I just read the most inspirational article about Ms. Bel Kaufman, the new professor of “The History of Jewish Humor” at Hunter College in Manhattan. A natural comedienne, she introduces her class with a joke:
The Frenchman says: “I’m tired and thirsty. I must have a glass of wine.” The German says: “I’m tired and thirsty. I must have a beer.” The Jew says: “I’m tired and thirsty. I must have diabetes.”
Teaching the new course, Ms. Kaufman not only tells Jewish jokes; she analyzes them. “We were investigating why so many comedians are Jewish and so many Jewish jokes are so self-accusing,” she explains. “It goes back to immigration from the shtetl, from that poverty, and because the Jew was the object of so much opprobrium and hatred,” she said. “The jokes were a defense mechanism: [As if to say:] ‘We’re going to talk about ourselves in a more damaging way than you could.’ ”
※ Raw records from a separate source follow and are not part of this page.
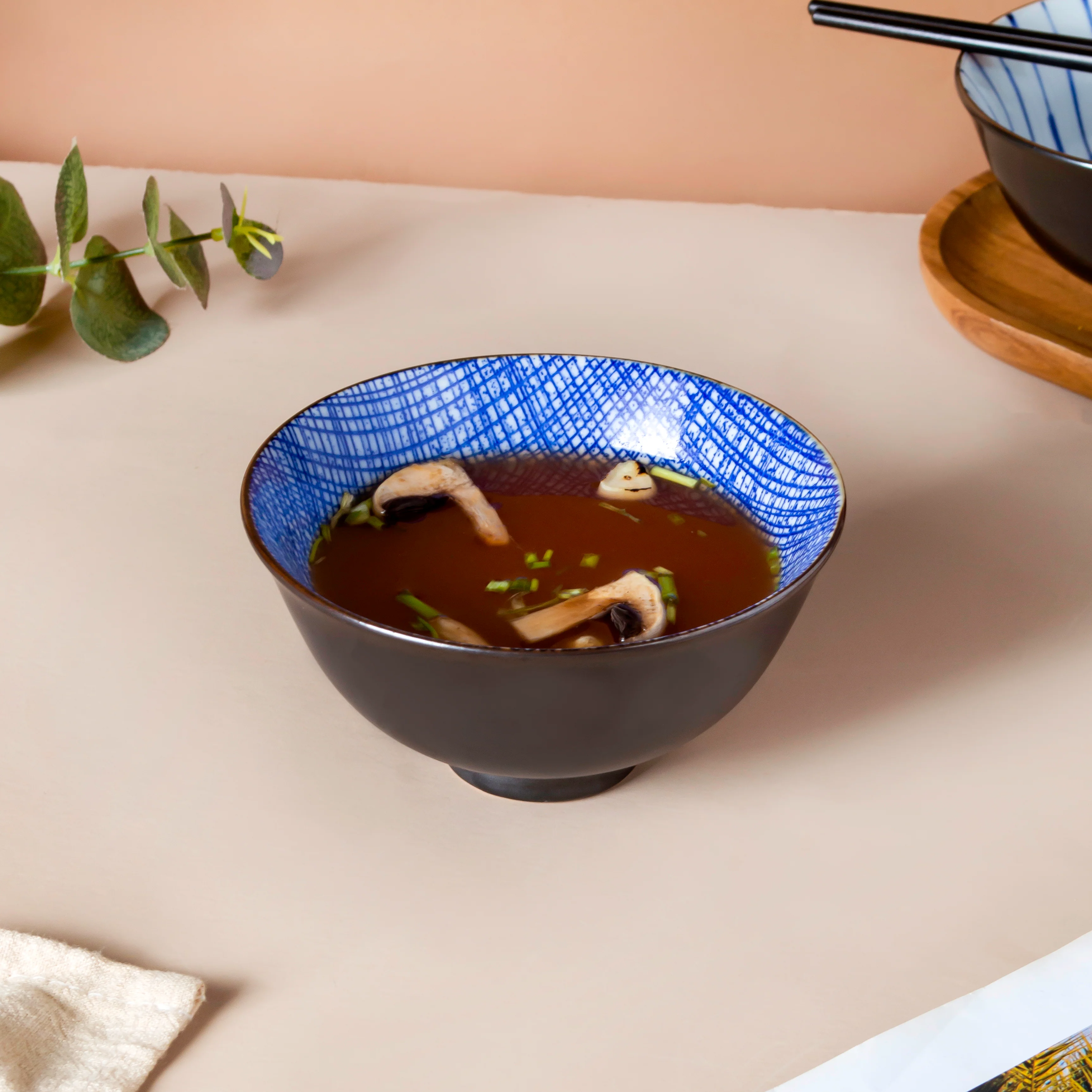Caspian Cobalt Soup Bowl Blue 200ml - Image 3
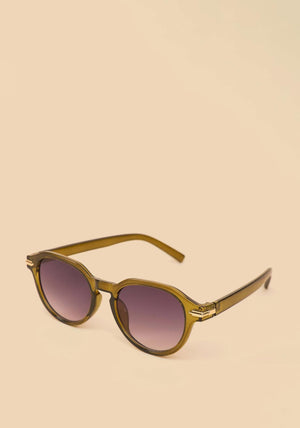 Powder Lara Sunglasses, Olive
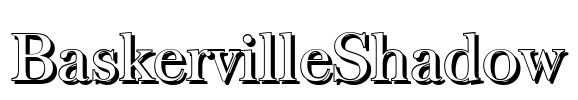 BaskervilleShadow Font Image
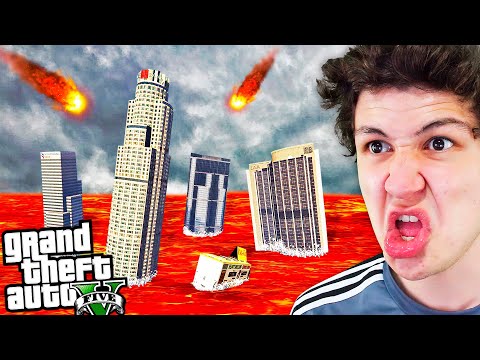 ¿Qué PASA si Hay un TSUNAMI de LAVA en GTA 5? Grand Theft Auto V – GTA V Mods
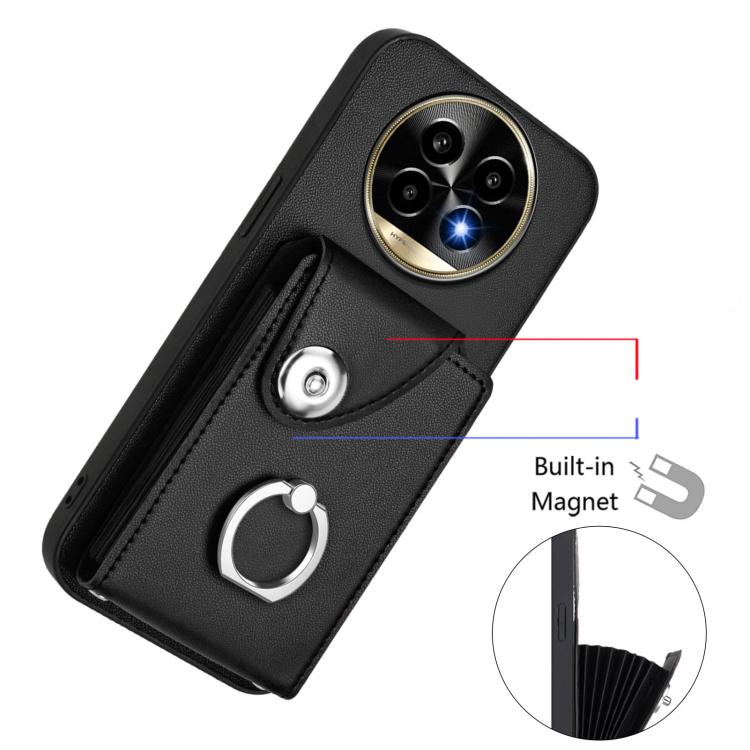 For Realme 13 Pro / 13 Pro+ 5G Organ Card Bag Ring Holder Phone Case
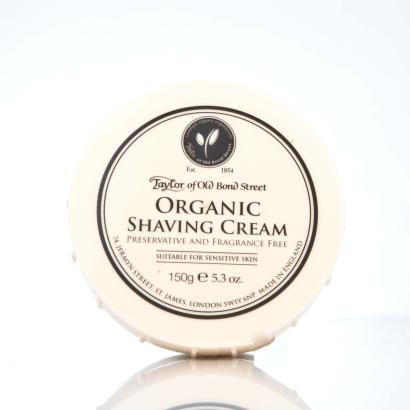 Taylor of Old Bond Street Organic Shaving Cream 150g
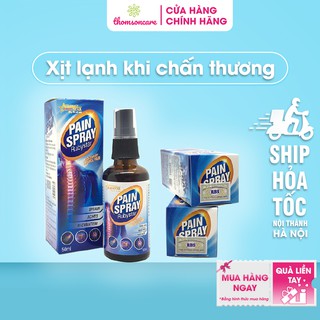 Chai xịt giảm đau Pain spray rubystar chai 50ml xịt lạnh giảm đau thể thao bóng đá bầm tím tại chỗ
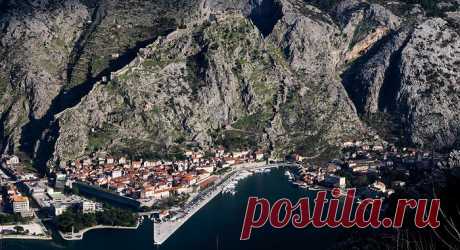 Kotor,view from Vrmac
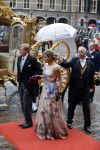 Den Haag 15 september 2015
Prinsjesdag 2015 met Koning Willem Alexander Koningin Maxima prins Constantijn en Prinses Laurentien. Dit jaar wordt de gouden koets voorlopig voor het laatst gebruikt.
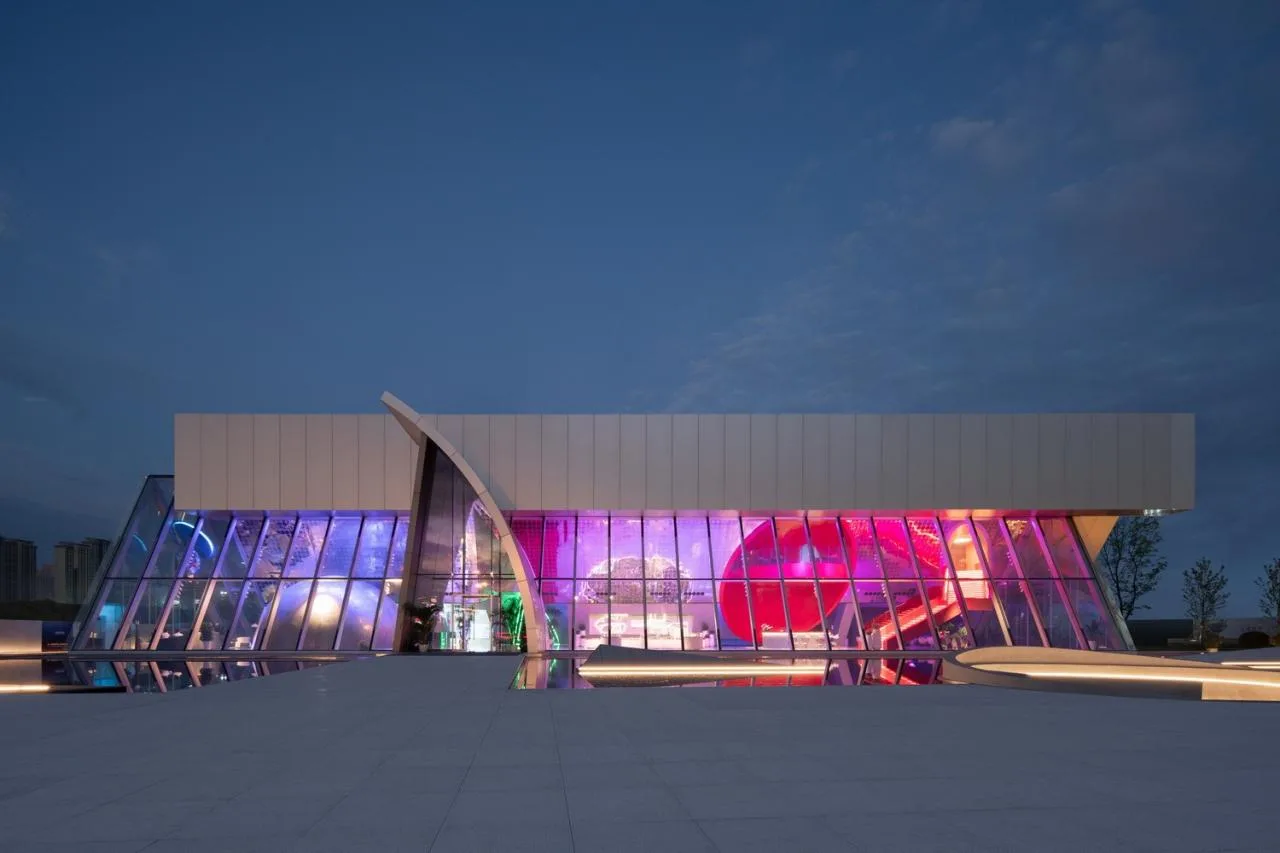 BIM Architecture | Chongwen Langyue Exhibition Center in Jinghe New City, Xi'an/AOE Construction Team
The teacher of this class, author of the best-selling novel, Up the Down Staircase, and granddaughter of Sholem Aleichem, was raised on Jewish humor in shtetl life. On May 10th she celebrated her 100th birthday. Yom Huledet Same’ach! When asked how it felt starting a new job at age 100, Ms. Kaufman was unfazed: “It must have happened gradually, while I wasn’t looking,” … “I feel no different than I felt at 99, 98 or 97.” When asked about her second husband, who is ninety-four years old, Ms. Kaufman shrugs: “He likes older women.”
In the hands of this mature new teacher, who happens to be Sholem Aleichem’s granddaughter, the history of Jewish humor never had it so good.
May we all be blessed to learn, to laugh, and to love.